Well-posedness of the fractional Zener wave equation for heterogenous viscoelastic materials

TL;DR

This paper proves the well-posedness of a fractional Zener wave equation modeling heterogenous viscoelastic materials, ensuring existence, uniqueness, and continuous dependence of solutions on initial data and loads.

Contribution

It establishes the mathematical well-posedness of the fractional Zener wave equation with variable coefficients in a bounded domain, extending prior models to heterogenous materials.

Findings

Unique weak solution exists for the initial-boundary-value problem.

Solution depends continuously on initial data and load vector.

Model is well-posed in the sense of Hadamard.

Abstract

We explore the well-posedness of the fractional version of Zener's wave equation for viscoelastic solids, which is based on a constitutive law relating the stress tensor $\boldsymbol{\sigma}$ to the strain tensor $\boldsymbol\varepsilon(\bf u)$, with $\bf u$ being the displacement vector, defined by: $(1+\tau D_t^\alpha) {\boldsymbol{\sigma}}=(1+\rho D_t^\alpha)[2\mu {\boldsymbol\varepsilon}({\bf u})+\lambda\text{tr}(\boldsymbol\varepsilon(\bf u)) \bf ]$. Here $\mu,\lambda\in\mathrm{L}^\infty(\Omega)$, $\mu$ is the shear modulus bounded below by a positive constant, and $\lambda\geq 0$ is first Lam\'e coefficient, $D_t^\alpha$, with $\alpha \in (0,1)$, is the Caputo time-derivative, $\tau>0$ is the characteristic relaxation time and $\rho\geq\tau$ is the characteristic retardation time.

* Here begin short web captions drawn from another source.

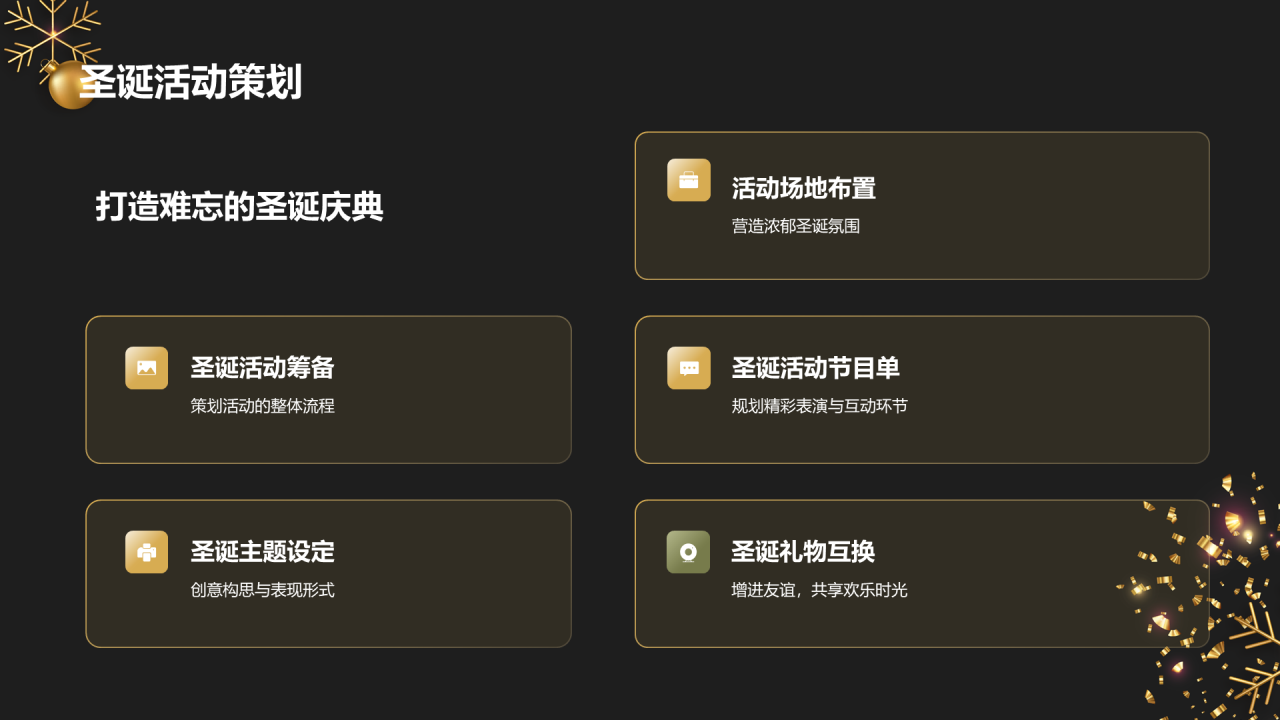 黑金奢华圣诞主题活动推广策划PPT模板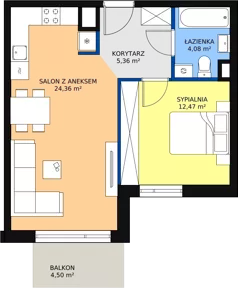 2 pokoje, mieszkanie 46,27 m², piętro 2, oferta nr M.C30, 3 Wymiary Bronowice, Kraków, Prądnik Biały, Bronowice Wielkie, ul. Stelmachów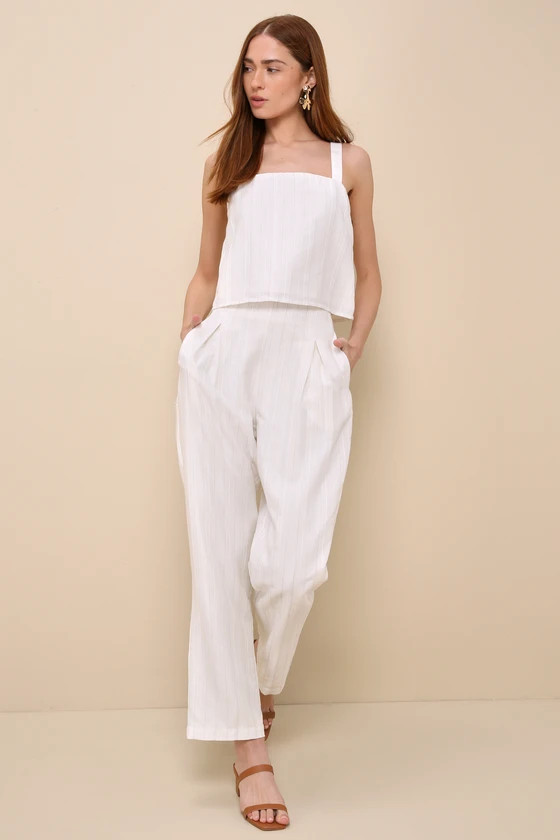 Chic Tranquility Ivory Striped High-Rise Wide-Leg Linen Pants | Lulus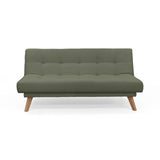 Sofá Cama Porto Verde Shaggy y Matiz Natural 182x85cm de Tres Puestos Reclinable sin Apoya Brazos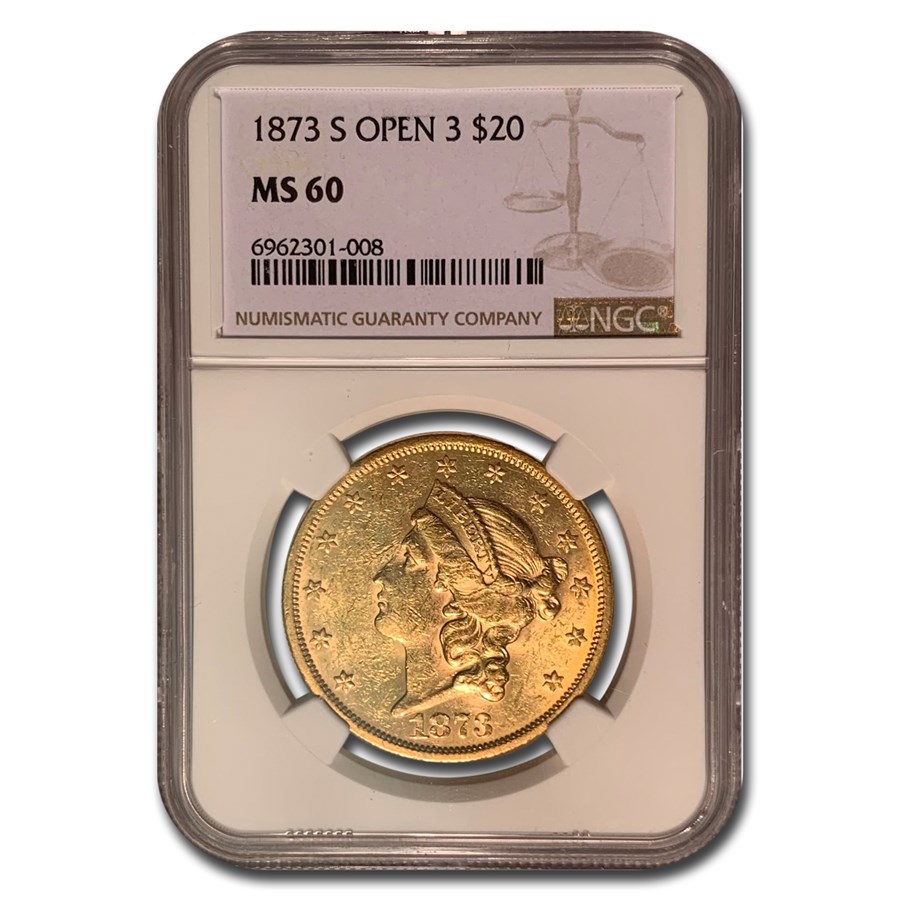 1873-S $20 Liberty Gold Double Eagle MS-60 NGC (Open 3)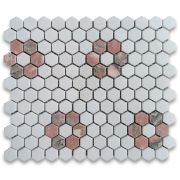 Thassos White Marble 1 inch Hexagon Rosette Mosaic Tile w/ Norwegian Rose Pink Honed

We show that, when coupled with the equation of motion $\varrho \ddot{\bf u} = \text{Div}{\boldsymbol\sigma} + \bf F$, considered in a bounded open Lipschitz domain $\Omega$ in $\mathbb{R}^3$ and over a time interval $(0,T]$, where $\varrho\in \mathrm{L}^\infty(\Omega)$ is the density of the material, bounded below by a positive constant, and $\bf F$ is a specified load vector, the resulting model is well-posed in the sense that the associated initial-boundary-value problem, with initial conditions ${\bf u}(0,\mathbf{x}) = {\bf g}(\mathbf{x})$, $\dot{\bf u}(0,\mathbf{x}) = \bf h(\mathbf{x})$, ${\boldsymbol\sigma}(0,\mathbf{x}) = {\bf s}(\mathbf{x})$, for $\mathbf{x} \in \Omega$, and a homogeneous Dirichlet boundary condition, possesses a unique weak solution for any choice of ${\bf g }\in [\mathrm{H}^1_0(\Omega)]^3$, ${\bf h}\in [\mathrm{L}^2(\Omega)]^3$, and ${\bf S} = {\bf S}^{\rm T} \in [\mathrm{L}^2(\Omega)]^{3 \times 3}$, and any load vector ${\bf F} \in\mathrm{L}^2(0,T;[\mathrm{L}^2(\Omega)]^3)$, and that this unique weak solution depends continuously on the initial data and the load vector.